Table 1 PPODB overview. Data are given as numbers of stations, phases, observations and observation periods in the different combined databases including plant varieties

In Table 1 we also provide the geographical area covered in each of the databases, respectively. We provide a table of the countries, number of observations and observational time range per country in Supplementary Table S1. Please refer to the description of the online database at www.ppodb.de for more details and a full description of the database.

Results

There are three ways to access the database, i.e. time series access for single station or Natural Regions, or full-fledged SQL-access. We shortly illustrate these three main features.

When accessing the database via www.ppodb.de the user first encounters a page where two perspectives can be chosen, i.e. single stations or Natural Regions, for a certain group of plants (Fig. 1).

Fig. 1
figure 1

PPODB start interface (screenshot from browser)

For clarity, we grouped the different plant types into agricultural plants, fruits, wild growing plants and vines.

Single stations

In the single station perspective plants, corresponding phases, and stations can be selected via drop-down menus (Fig. 2). Stations can additionally be selected by clicking on respective markers in the map. Initially, a map of Central Europe is displayed where most of the stations are grouped into clusters indicated by coloured circles for a better overview. The numbers on the coloured circles indicate the number of stations which are represented by this cluster. Clicking on cluster symbols zooms into the map, where the location of single stations becomes visible. Single stations are marked by red balloons, which contain some general information about the station, like station name, longitude, latitude, altitude, number and range of years in which observations were made (Fig. 2).

Fig. 2
figure 2

Single station perspective. Example for the phase ‘beginning of flowering’ of horse chestnut at the station ‘Geisenheim(DWD)’ (screenshot). Balloons indicate phenological stations.

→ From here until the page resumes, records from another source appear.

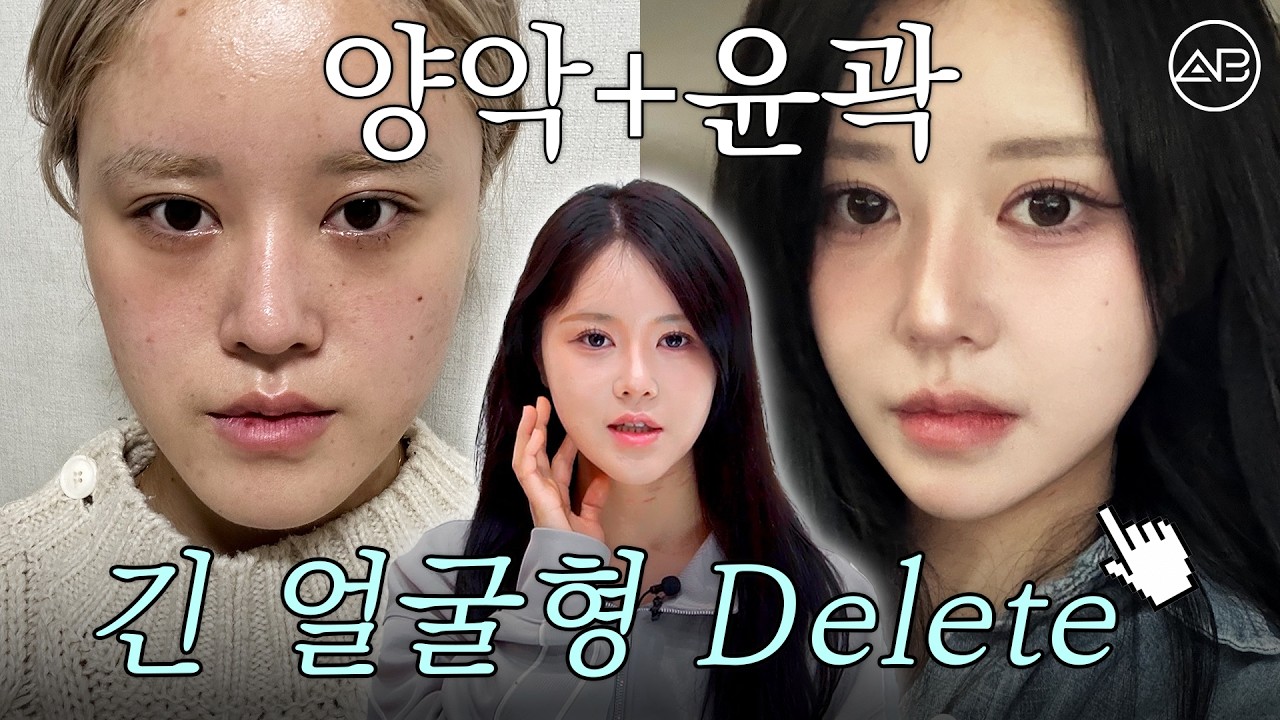 안면윤곽+양악수술 7개월 경과 | 긴얼굴·주걱턱이 이렇게 달라질 수 있다고? 😳 | 에이비성형외과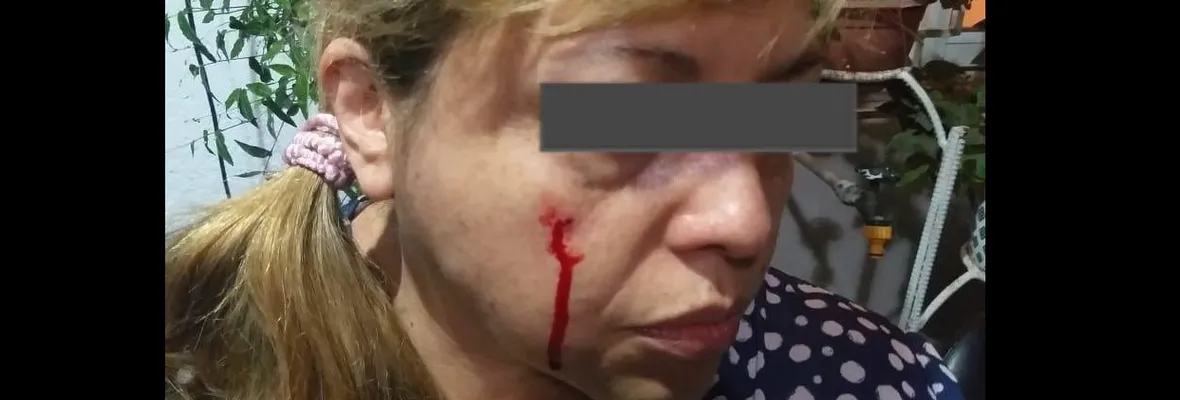 Secretaria del Colegio de Periodistas fue impactada por tres balines de Carabineros: “Cada vez más aumenta esta locura de disparar a todos lados”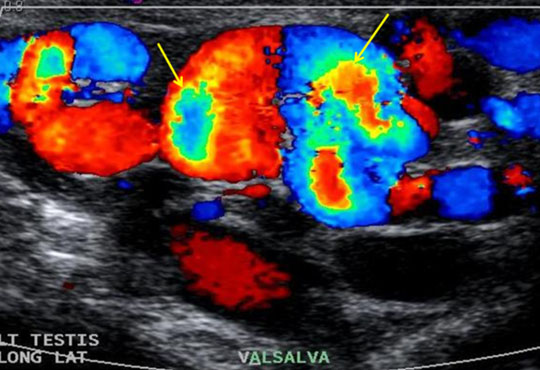 USG / Colour Doppler of Scrotum / Testis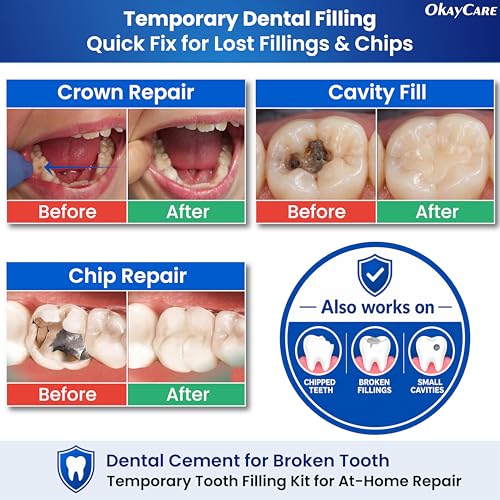Zinc Oxide Eugenol Dental Cement Kit – Instant Tooth Repair, Cap, Crown & Bridge Filling | Ultra Strong & Pulp-Soothing Formula | Long Lasting - Easy Mix-and-Use Dental Adhesive for DIY, Home & Clinic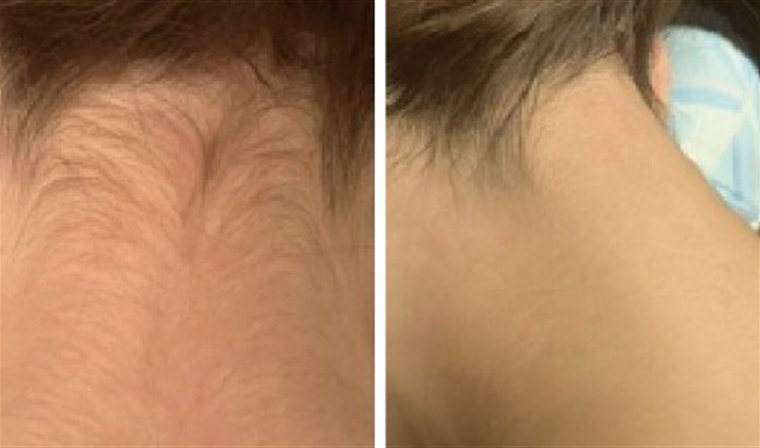 Before and after — nape and hairline tidied with IPL/SHR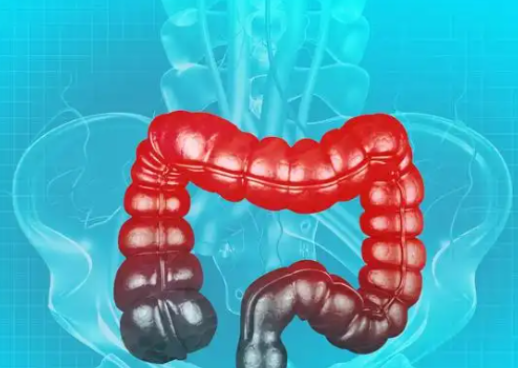 Teduglutide Chronic Intestinal Failure | Shaanxi BLOOM Tech Co., Ltd Teduglutide Chronic Intestinal Failure | Shaanxi BLOOM Tech Co., Ltd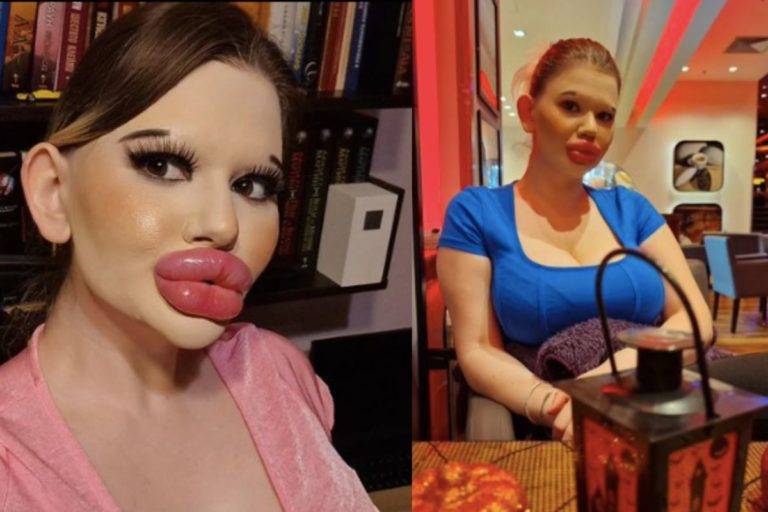 Mujer Quiere Romper Récord De Los Labios Más Grandes Del Mundo Podría Morir Regeneraciónmx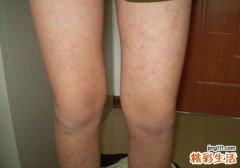 过敏性紫癜能治好吗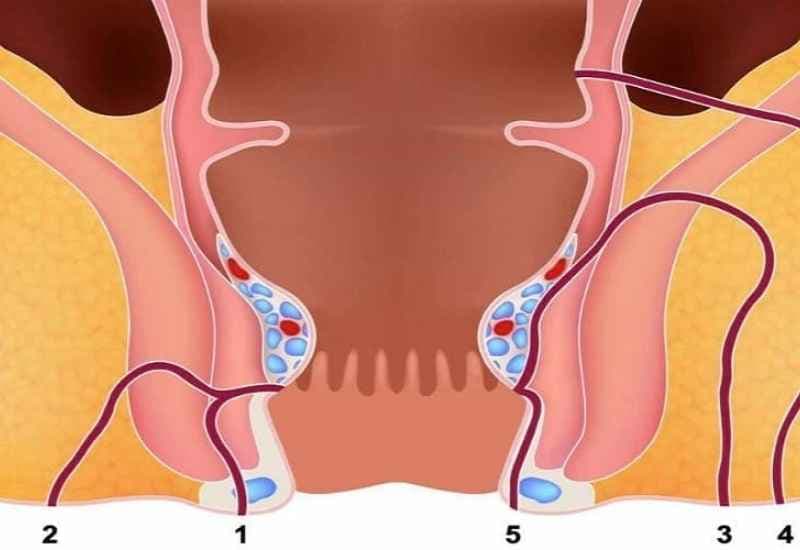 Đường rò có thể phân thành nhiều nhánh, đi sâu qua cơ thắt hậu môn và gây nhiễm trùng tái phát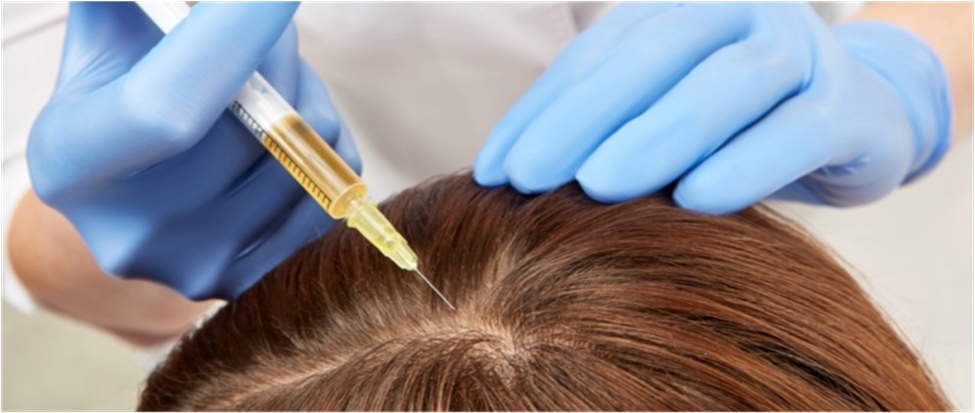 Plasma Hair Restoration PRP - Amate Cosmetic Surgery & Spa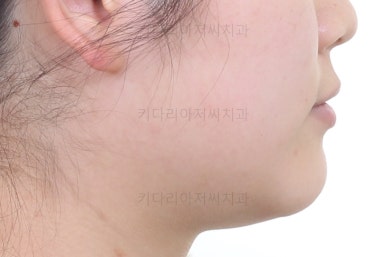 연산동교정치과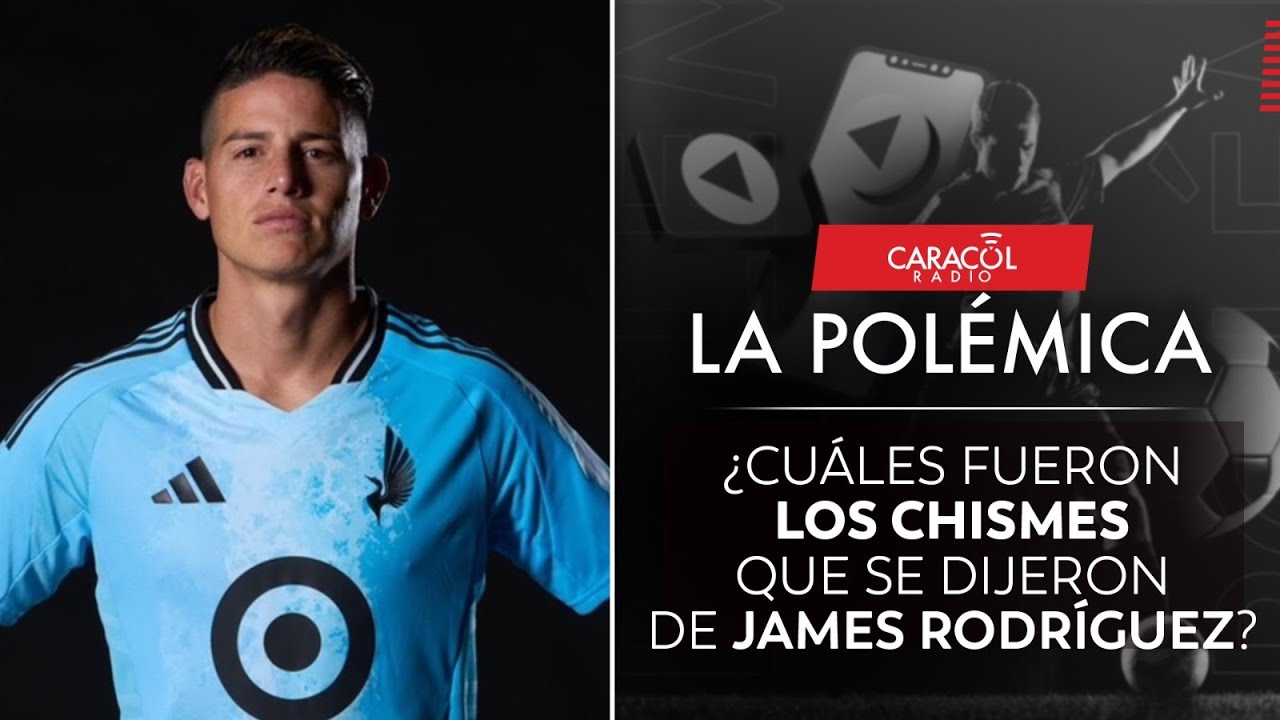 ¿Cuáles fueron los chismes que se dijeron de James Rodríguez? | Caracol Radio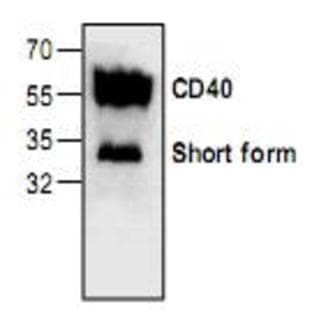 anti-CD40 Molecule, TNF Receptor Superfamily Member 5 (CD40) antibody avatar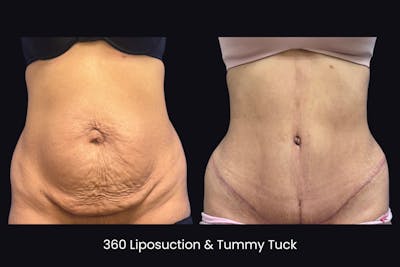 Abdominoplasty Before & After Gallery - Patient 296095 - Image 1
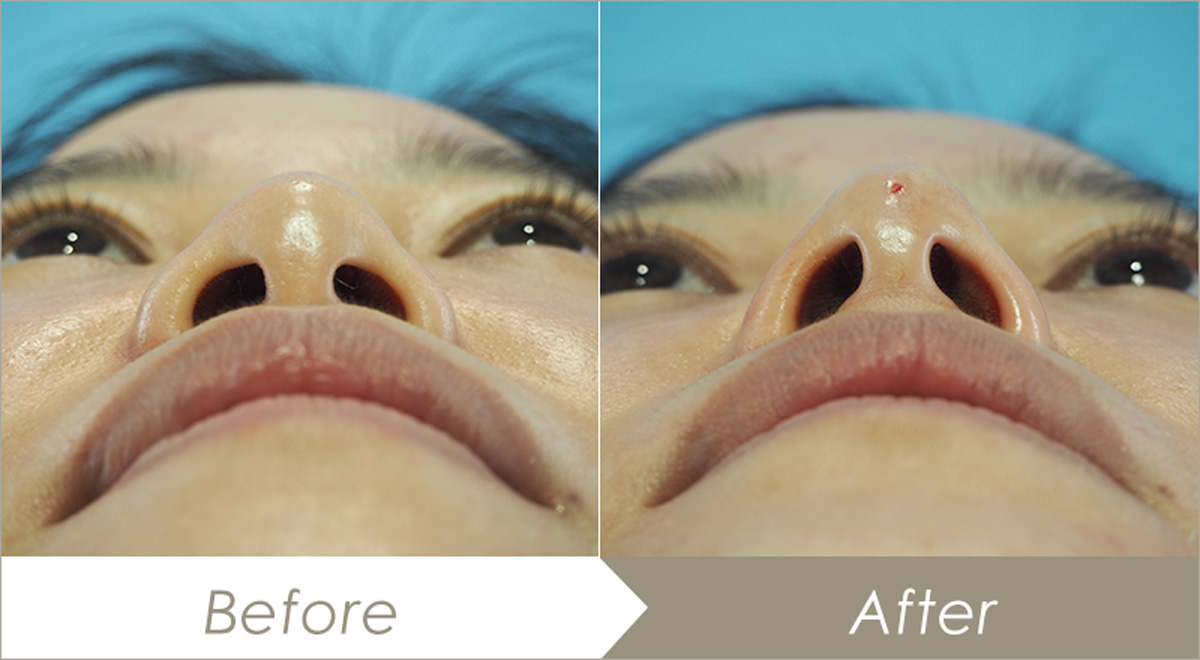 テスリフトノーズ4本（鼻柱2本・鼻背2本）の施術例-症例写真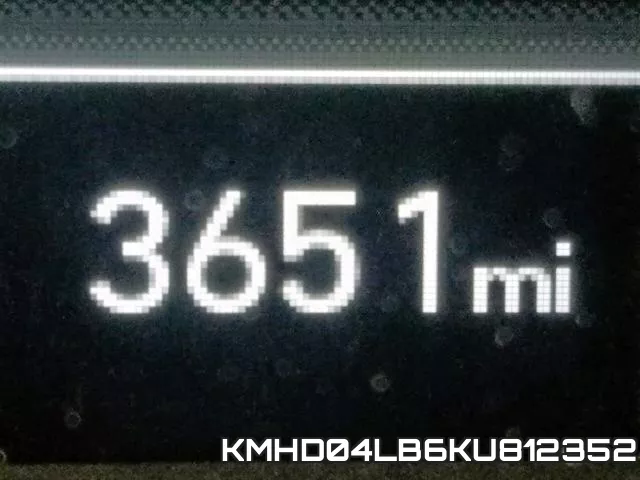 KMHD04LB6KU812352 фото 8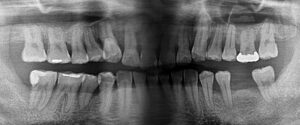 歯周病治療1後レントゲン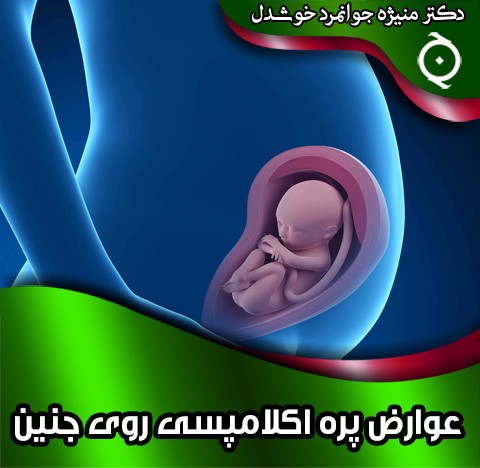 عوارض پره اکلامپسی روی جنین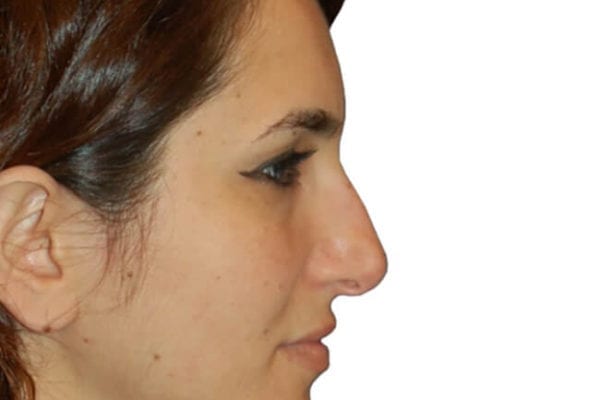 Rhinoplasty Patient 08 - Before - 1 Carousel Thumbnail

By clicking on the balloons some meta-information about the station is displayed

Once plant, phase and station are selected, the corresponding time series can be displayed either in a graph (menu ‘plot only’), table (menu ‘data only’) or both (menu ‘data and plot’). Optionally, a trend line is provided with the calculated trend and corresponding P-value (Fig. 3).

Fig. 3
figure 3

Plot of the time series for the phase ‘beginning of flowering’ of horse chestnut at the station ‘Geisenheim(DWD)’. The colour code of the data points indicates the source of the corresponding observation (screenshot), which is also displayed in the corresponding table

In case the station is present in different databases, the respective observations are colour coded (Fig. 3). Note that observations from the same station and year might have been reported in different databases with differing values. We kept all reported observations in the databases, even though in these cases the day of observation of the respective phase is ambiguous.

In the Supplementary Material we provide an additional summary table with all species–phase combinations in the combined database, which are still being observed by the German Weather Service, with their number of stations and observations, and average length of time series per plant, phase and station.

Natural regions

One of the main reasons to construct this database and to merge stations from different databases was to enable the construction of long phenological time series, so-called combined time series, in order to study the effect of climate change on plant phenology (Schaber 2002; Schaber and Badeck 2002, 2003, 2005; Schaber et al. 2010). A combined times series is a sophisticated average over many time series that corrects for artefacts introduced by simple averages due to the unequal distribution of observations in time and space (Schaber et al. 2010). In Fig. 4 we show histograms of the number of time series of a certain length for single stations and Natural Regions, respectively. For Natural Regions, there is a substantial increase of long time series at the expense of short time series. There are more than 480 combined time series for certain phenological phases for certain Natural Regions covering more than 100 years.

Fig. 4
figure 4

Histograms of the number of time series per length of time series over all species, phases and single stations (left panel) and Natural Regions (right panel), respectively. The corresponding data can be retrieved from the database with the following SQL-queries (left panel): “select c, count(c) from (select stat_id, phase_id, count(distinct obs_year) as c from all_pheno_obs where phase_id ! = 0 group by stat_id, phase_id) as sq group by c”, and (right panel): “select c, count(c) from (select naturraumgruppen_id, phase_id, count(distinct obs_year) as c from pheno_nr_ts group by naturraumgruppen_id, phase_id) as sq group by c”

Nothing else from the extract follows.